So, a month ago, when I saw former President Jawara and President Barrow on Gambian state TV sitting side by side during a courtesy visit by the latter, it looked surreal but not unexpected. There was the ninety-three years old Jawara, still lucid, praying for the newest member of Gambia’s most prized exclusive club. A Kaironews editorial days later captured my sentiments: “Jawara finally gets what he wants!” However, there is more to the picture. I hate to state this, but the Old Man is Signing Off. He was merely sticking around to see the comeuppance of the poseur who upended his graceful retirement plan. The Jawara I saw on TV last month is signaling to an ungrateful country that he has done his bit and is about to move on to our mutual ultimate home. My instinct tells me he has met and seen his last Gambian president. In short, the meeting between him and Barrow was more of a symbolic dignified Hand-Over ceremony that he never got to do than a Courtesy Call. Since we never appreciated what he did for us, and instead tagged him all manner of labels – undemocratic, corrupt, tribalist, nepotic, incompetent, the Great Arbiter has now delivered its judgment on all those issues for us because his main nemesis has PROVEN himself to be a text book definition of all those labels we allowed Jawara to be tagged with in our name. Though he has his faults, in many ways, Barajally Kairaba is akin to the virtuous Saibo Lamin Dumbuya that the irreplaceable Kora maestro Lalo Keba Drammeh extolled decades ago in a track he called Kodi Na Julo, Sani Na Julo (literally money has its merchant, gold has its merchant.) Like Saibo Dumbuya, Jawara’s enemies falsely slandered him in unconscionable ways only for the almighty to absolve him with time by giving Gambia a successor who was exactly what Jawara’s accusers were falsely claiming he was: corrupt, autocratic, nepotic, and tribalist. Real lesson.

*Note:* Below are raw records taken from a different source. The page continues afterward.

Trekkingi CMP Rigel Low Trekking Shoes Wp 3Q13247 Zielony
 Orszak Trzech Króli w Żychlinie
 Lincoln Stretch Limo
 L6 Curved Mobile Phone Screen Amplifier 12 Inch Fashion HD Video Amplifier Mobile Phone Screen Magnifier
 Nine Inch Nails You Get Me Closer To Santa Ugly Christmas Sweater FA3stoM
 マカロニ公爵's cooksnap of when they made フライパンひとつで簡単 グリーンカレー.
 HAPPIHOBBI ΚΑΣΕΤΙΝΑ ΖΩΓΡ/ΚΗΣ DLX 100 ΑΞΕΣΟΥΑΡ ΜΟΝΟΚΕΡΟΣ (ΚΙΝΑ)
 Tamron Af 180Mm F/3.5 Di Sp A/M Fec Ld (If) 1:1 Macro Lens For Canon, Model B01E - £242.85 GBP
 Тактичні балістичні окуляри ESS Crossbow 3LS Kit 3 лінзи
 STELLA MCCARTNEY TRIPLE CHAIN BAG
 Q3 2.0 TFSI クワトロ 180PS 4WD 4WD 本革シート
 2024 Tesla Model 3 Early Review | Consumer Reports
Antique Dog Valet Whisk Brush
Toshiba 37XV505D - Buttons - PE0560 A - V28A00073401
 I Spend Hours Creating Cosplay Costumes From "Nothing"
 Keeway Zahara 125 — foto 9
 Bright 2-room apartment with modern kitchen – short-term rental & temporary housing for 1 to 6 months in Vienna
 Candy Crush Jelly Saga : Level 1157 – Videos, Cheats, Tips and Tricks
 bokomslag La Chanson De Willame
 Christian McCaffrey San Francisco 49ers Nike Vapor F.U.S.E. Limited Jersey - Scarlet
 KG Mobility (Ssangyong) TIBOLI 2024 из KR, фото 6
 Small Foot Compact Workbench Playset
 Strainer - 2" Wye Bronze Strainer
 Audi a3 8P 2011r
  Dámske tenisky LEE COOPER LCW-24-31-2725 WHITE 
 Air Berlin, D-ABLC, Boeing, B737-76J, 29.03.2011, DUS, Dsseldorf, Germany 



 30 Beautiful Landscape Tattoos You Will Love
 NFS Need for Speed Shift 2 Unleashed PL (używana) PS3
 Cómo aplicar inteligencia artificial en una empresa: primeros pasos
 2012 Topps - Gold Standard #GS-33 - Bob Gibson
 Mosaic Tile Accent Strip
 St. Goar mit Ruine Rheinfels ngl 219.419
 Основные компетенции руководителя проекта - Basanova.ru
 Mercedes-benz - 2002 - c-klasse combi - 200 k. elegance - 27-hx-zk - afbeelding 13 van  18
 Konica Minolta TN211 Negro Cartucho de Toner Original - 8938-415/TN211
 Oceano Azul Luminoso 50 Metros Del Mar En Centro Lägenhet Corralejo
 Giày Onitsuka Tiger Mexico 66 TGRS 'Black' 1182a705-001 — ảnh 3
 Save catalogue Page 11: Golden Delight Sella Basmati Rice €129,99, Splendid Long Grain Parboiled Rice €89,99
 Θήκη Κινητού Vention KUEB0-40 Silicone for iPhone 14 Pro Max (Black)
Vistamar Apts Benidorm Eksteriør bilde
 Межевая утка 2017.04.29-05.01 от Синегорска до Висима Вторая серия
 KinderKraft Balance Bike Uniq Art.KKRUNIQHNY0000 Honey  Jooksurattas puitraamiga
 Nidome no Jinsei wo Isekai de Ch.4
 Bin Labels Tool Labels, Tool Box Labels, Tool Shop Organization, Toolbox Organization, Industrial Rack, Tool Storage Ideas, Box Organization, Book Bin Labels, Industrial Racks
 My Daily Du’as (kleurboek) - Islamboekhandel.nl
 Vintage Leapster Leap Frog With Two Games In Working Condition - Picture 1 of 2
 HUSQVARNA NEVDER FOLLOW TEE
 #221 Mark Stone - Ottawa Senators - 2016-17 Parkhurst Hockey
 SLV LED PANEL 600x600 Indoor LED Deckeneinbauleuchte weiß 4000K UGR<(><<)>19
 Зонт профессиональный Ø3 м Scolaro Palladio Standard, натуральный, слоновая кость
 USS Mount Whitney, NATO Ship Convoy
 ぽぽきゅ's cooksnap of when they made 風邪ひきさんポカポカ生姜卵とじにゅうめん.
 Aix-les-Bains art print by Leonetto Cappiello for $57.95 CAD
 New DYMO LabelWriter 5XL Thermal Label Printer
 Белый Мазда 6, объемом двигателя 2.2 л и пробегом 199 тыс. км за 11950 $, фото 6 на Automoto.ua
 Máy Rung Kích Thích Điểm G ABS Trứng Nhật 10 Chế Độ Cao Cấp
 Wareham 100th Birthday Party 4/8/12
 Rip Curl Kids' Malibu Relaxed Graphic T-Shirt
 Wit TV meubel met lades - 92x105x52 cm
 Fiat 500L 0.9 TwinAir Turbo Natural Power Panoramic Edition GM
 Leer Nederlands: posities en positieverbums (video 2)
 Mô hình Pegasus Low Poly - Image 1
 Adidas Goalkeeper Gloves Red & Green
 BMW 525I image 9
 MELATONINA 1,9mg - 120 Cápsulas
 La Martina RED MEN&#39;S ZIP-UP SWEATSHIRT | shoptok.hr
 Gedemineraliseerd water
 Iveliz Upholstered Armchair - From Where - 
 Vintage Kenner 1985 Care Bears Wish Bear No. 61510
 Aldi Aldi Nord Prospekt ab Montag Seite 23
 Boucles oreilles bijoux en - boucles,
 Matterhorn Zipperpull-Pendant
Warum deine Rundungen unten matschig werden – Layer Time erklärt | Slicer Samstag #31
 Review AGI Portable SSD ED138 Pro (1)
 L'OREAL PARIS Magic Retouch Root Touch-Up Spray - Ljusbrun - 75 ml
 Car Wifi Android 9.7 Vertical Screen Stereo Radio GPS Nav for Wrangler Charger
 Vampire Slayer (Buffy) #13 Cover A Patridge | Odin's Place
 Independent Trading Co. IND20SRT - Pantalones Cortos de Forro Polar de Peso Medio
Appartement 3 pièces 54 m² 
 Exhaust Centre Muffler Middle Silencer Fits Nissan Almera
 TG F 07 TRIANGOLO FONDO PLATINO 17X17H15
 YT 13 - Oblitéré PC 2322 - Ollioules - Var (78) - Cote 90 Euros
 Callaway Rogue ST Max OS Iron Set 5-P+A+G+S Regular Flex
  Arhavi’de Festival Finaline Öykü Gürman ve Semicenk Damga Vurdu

On the surreality of the TV image of Barrow and Jawara itself? Here is a lesson all those with eyes to see or sense to figure things out can take stock of. A year ago, the UDP had just wrapped up its Congress in Basse where it re-elected most of its old leadership. It’s Youth Leader, the indefatigable Ebrima Bojang who is popularly known by his nick names Solo Sandeng retained his position. At the time, the Gambia’s self-declared owner was loose on the public stage, galivanting and spewing hateful and divisive ethnic-tinged rhetoric. He wielded the power of life and death over the hapless Gambian nation and exercised it often with alacrity. Long accustomed to getting his way by coercion, he had decreed what topics are up for discussion in the impending election season and which ones are not. Among the topics proscribed is needed electoral reforms to level the playing field. With the skewed system he had in place, he was certain he would rule for the rest of his natural life, or at the worst, he’ll get to decide who succeeds him. (The billion years’ rule that gets quoted often is merely hyperbole that he said once to spite the West.) But there’s no doubt Yaya Jammeh was determined to rule till death. So, when Solo Sandeng led a small group of UDP party supporters with a banner in a peaceful protest at Westfield calling for Electoral Reforms only weeks after his Basse re-election, the brutality they were met with was no accident. Shortly after Solo Sandeng’s murder, almost the entire UDP Executive Committee was arrested, charged, prosecuted, and quickly sentenced to three years’ jail terms for demanding the release of Solo Sandeng‘s remains.
What is notable is, over three years earlier, the man Yaya Jammeh and his minions believed would likely succeed the septuagenarian UDP Party leader Amadou Sanneh was arrested, tortured, humiliated, and then jailed for writing a testimonial for a would-be migrant that as I wrote previously is very kind to the Jammeh government compared to what many independent international Human Rights organizations were saying. To Jammeh, having crippled the UDP, he had solved his political opposition problem. That was Jammeh’s first Big mistake. (Jammeh has never taken the other Gambian opposition parties seriously.) That’s perhaps because he knows something the generality of Gambians don’t. Some food for thought though. Real lesson.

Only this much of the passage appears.